The visual design of Pigments of Imagination aims to promote participation by the user. The narrative of this journey begins as a passive experience on a two-dimensional screen within the virtual space, which then smoothly unfolds into three dimensions as a means to reinforce the transition into a continuously evolving environment. Many of the objects that are created by such a progression can be manipulated using the controllers to affect both visual and sonic characteristics of the world. Upon grabbing objects in the environment, haptic sensations are activated in the controller to provide another dimension of interactive freedom to experience the narrative.


Presentation: This experience was presented on May 18, 2023 at UC-San Diego & Qualcomm Institute’s Calit2 Auditorium through an 8-channel system with real-time visual rendering projected to an 18x32 ft screen. The video above offers an introduction to the piece, it’s purpose within it’s field and a deeper explanation of the above technical components, ending with live performance and Q + A session. Patrons were then allowed to enter Pigments of Imagination for individual experiences.

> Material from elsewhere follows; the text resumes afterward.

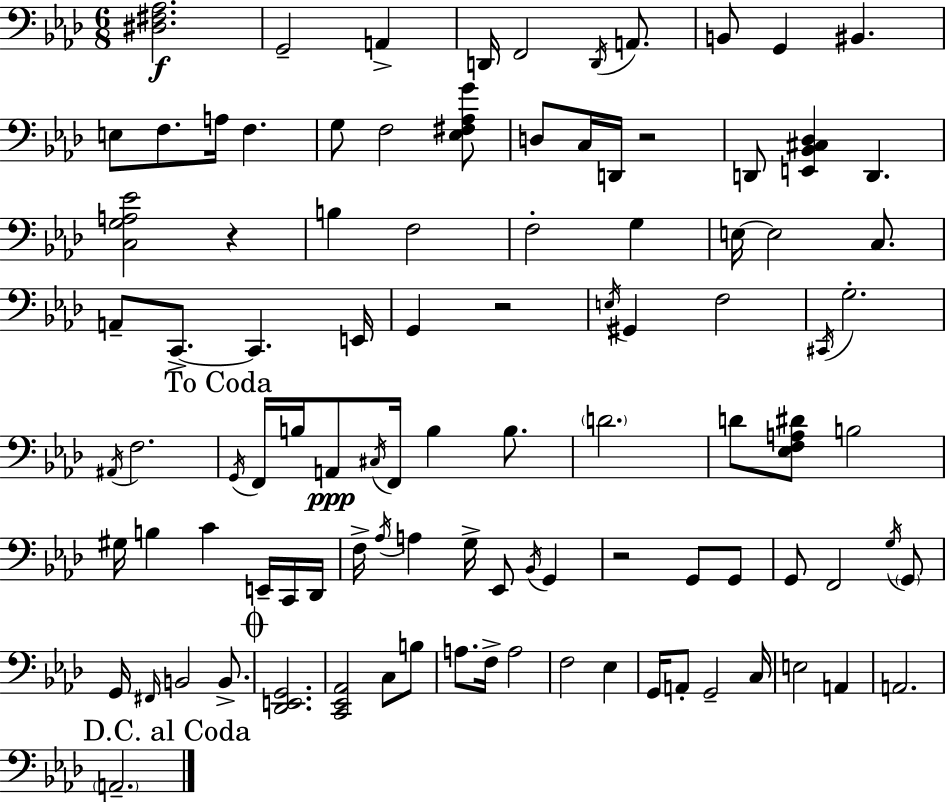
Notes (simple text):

[D#3,F#3,Ab3]/h. G2/h A2/q D2/s F2/h D2/s A2/e. B2/e G2/q BIS2/q. E3/e F3/e. A3/s F3/q. G3/e F3/h [Eb3,F#3,Ab3,G4]/e D3/e C3/s D2/s R/h D2/e [E2,Bb2,C#3,Db3]/q D2/q. [C3,G3,A3,Eb4]/h R/q B3/q F3/h F3/h G3/q E3/s E3/h C3/e. A2/e C2/e. C2/q. E2/s G2/q R/h E3/s G#2/q F3/h C#2/s G3/h. A#2/s F3/h. G2/s F2/s B3/s A2/e C#3/s F2/s B3/q B3/e. D4/h. D4/e [Eb3,F3,A3,D#4]/e B3/h G#3/s B3/q C4/q E2/s C2/s Db2/s F3/s Ab3/s A3/q G3/s Eb2/e Bb2/s G2/q R/h G2/e G2/e G2/e F2/h G3/s G2/e G2/s F#2/s B2/h B2/e. [Db2,E2,G2]/h. [C2,Eb2,Ab2]/h C3/e B3/e A3/e. F3/s A3/h F3/h Eb3/q G2/s A2/e G2/h C3/s E3/h A2/q A2/h. A2/h.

Accolades: In October 2023, “Pigments of Imagination” received an award for best demo presentation at the ACM Symposium on Virtual Reality Software and Technology (VRST) 2023.


Acknowledgements: We would like to thank Gabriel Zalles-Ballivian for his foundational instruction and development on the first iteration of Pigments of Imagination WebXR and subsequent documentation. We would also like to thank Shahrokh Yadegari and Sonic Arts R&D at UC-San Diego for providing guidance, insight and resources toward development. We would also like to thank UC-San Diego Professors King Britt and Steph Richards as well as Zachary Konick and Nick Tolford for their musical contributions to this piece. We would lastly like to thank Keenan Parry and Aamir Asadi for their visual contributions.